■ Data extract ■
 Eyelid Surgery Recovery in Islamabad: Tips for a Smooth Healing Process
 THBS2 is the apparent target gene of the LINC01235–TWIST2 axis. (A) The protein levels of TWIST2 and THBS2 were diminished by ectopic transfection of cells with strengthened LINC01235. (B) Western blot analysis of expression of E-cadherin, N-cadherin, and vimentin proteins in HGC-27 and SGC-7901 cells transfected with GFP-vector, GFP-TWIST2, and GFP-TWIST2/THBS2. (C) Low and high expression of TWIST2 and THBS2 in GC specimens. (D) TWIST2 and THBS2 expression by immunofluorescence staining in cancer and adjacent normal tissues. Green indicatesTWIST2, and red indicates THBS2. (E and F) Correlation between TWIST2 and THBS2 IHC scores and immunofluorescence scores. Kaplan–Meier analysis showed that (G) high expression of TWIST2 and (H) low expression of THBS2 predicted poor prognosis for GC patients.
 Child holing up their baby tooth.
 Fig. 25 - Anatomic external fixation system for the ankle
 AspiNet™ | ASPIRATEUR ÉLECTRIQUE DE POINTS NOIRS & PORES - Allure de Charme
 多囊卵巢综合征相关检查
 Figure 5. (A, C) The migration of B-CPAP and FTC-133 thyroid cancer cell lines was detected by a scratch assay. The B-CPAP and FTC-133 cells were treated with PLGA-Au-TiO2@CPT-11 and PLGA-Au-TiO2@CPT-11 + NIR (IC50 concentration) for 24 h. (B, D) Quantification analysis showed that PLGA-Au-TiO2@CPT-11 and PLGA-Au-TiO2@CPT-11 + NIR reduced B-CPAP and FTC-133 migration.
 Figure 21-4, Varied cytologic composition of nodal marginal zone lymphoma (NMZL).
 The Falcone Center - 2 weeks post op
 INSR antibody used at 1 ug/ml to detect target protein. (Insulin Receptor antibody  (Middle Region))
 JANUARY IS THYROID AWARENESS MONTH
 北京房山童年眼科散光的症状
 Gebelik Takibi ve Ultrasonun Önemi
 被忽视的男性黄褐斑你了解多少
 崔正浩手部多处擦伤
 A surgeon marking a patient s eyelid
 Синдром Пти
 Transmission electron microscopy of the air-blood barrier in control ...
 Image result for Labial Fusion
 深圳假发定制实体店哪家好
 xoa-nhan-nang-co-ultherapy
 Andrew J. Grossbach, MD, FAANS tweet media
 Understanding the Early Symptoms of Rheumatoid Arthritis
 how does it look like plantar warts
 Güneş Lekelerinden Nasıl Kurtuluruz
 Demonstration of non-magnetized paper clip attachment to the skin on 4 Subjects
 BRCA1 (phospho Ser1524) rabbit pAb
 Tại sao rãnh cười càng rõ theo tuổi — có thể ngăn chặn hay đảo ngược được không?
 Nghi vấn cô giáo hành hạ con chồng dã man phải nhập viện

■ Exercise brief ■
Set down the data once more, word for word.

■ Task answer ■
 Eyelid Surgery Recovery in Islamabad: Tips for a Smooth Healing Process
 THBS2 is the apparent target gene of the LINC01235–TWIST2 axis. (A) The protein levels of TWIST2 and THBS2 were diminished by ectopic transfection of cells with strengthened LINC01235. (B) Western blot analysis of expression of E-cadherin, N-cadherin, and vimentin proteins in HGC-27 and SGC-7901 cells transfected with GFP-vector, GFP-TWIST2, and GFP-TWIST2/THBS2. (C) Low and high expression of TWIST2 and THBS2 in GC specimens. (D) TWIST2 and THBS2 expression by immunofluorescence staining in cancer and adjacent normal tissues. Green indicatesTWIST2, and red indicates THBS2. (E and F) Correlation between TWIST2 and THBS2 IHC scores and immunofluorescence scores. Kaplan–Meier analysis showed that (G) high expression of TWIST2 and (H) low expression of THBS2 predicted poor prognosis for GC patients.
 Child holing up their baby tooth.
 Fig. 25 - Anatomic external fixation system for the ankle
 AspiNet™ | ASPIRATEUR ÉLECTRIQUE DE POINTS NOIRS & PORES - Allure de Charme
 多囊卵巢综合征相关检查
 Figure 5. (A, C) The migration of B-CPAP and FTC-133 thyroid cancer cell lines was detected by a scratch assay. The B-CPAP and FTC-133 cells were treated with PLGA-Au-TiO2@CPT-11 and PLGA-Au-TiO2@CPT-11 + NIR (IC50 concentration) for 24 h. (B, D) Quantification analysis showed that PLGA-Au-TiO2@CPT-11 and PLGA-Au-TiO2@CPT-11 + NIR reduced B-CPAP and FTC-133 migration.
 Figure 21-4, Varied cytologic composition of nodal marginal zone lymphoma (NMZL).
 The Falcone Center - 2 weeks post op
 INSR antibody used at 1 ug/ml to detect target protein. (Insulin Receptor antibody  (Middle Region))
 JANUARY IS THYROID AWARENESS MONTH
 北京房山童年眼科散光的症状
 Gebelik Takibi ve Ultrasonun Önemi
 被忽视的男性黄褐斑你了解多少
 崔正浩手部多处擦伤
 A surgeon marking a patient s eyelid
 Синдром Пти
 Transmission electron microscopy of the air-blood barrier in control ...
 Image result for Labial Fusion
 深圳假发定制实体店哪家好
 xoa-nhan-nang-co-ultherapy
 Andrew J. Grossbach, MD, FAANS tweet media
 Understanding the Early Symptoms of Rheumatoid Arthritis
 how does it look like plantar warts
 Güneş Lekelerinden Nasıl Kurtuluruz
 Demonstration of non-magnetized paper clip attachment to the skin on 4 Subjects
 BRCA1 (phospho Ser1524) rabbit pAb
 Tại sao rãnh cười càng rõ theo tuổi — có thể ngăn chặn hay đảo ngược được không?
 Nghi vấn cô giáo hành hạ con chồng dã man phải nhập viện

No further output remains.